# Given material:
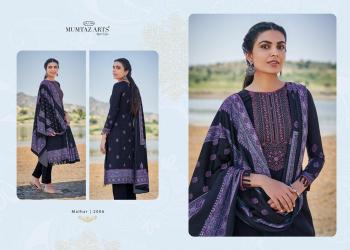 Mumtaz Arts Malhar Pashmina Winter Salwar Kameez wholesaler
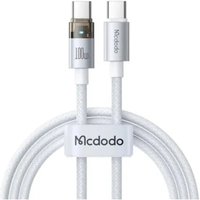 Кабель McDodo CA-5582 USB Type-C - USB Type-C 100W (1.2 м, белый)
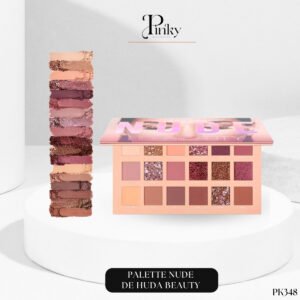Palette de fards à paupières nude de Huda Beauty PK348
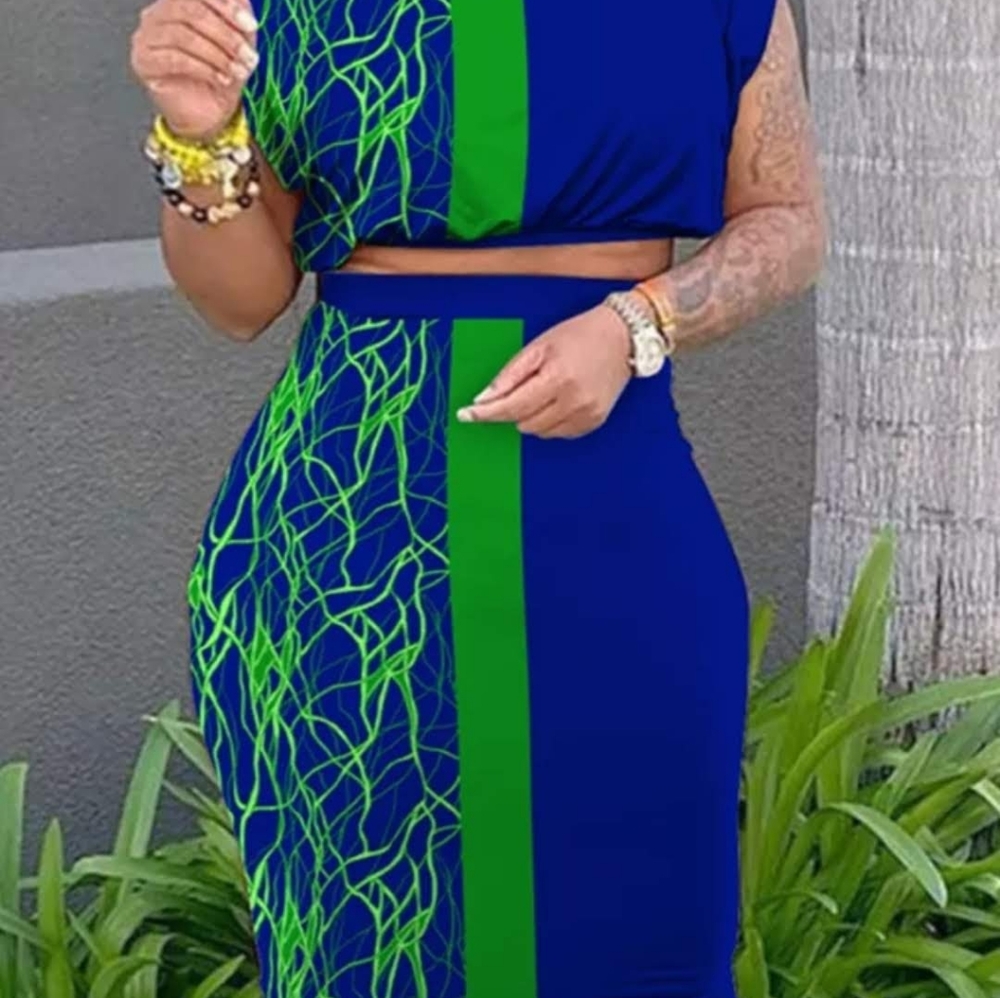 2pc skirt set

# Task instructions:
Leave the pictures aside. Set down exactly the lines from the one with "Кабель McDodo CA-5582" through the final line of the listing above.

# Task response:
 Кабель McDodo CA-5582 USB Type-C - USB Type-C 100W (1.2 м, белый)
Palette de fards à paupières nude de Huda Beauty PK348
 2pc skirt set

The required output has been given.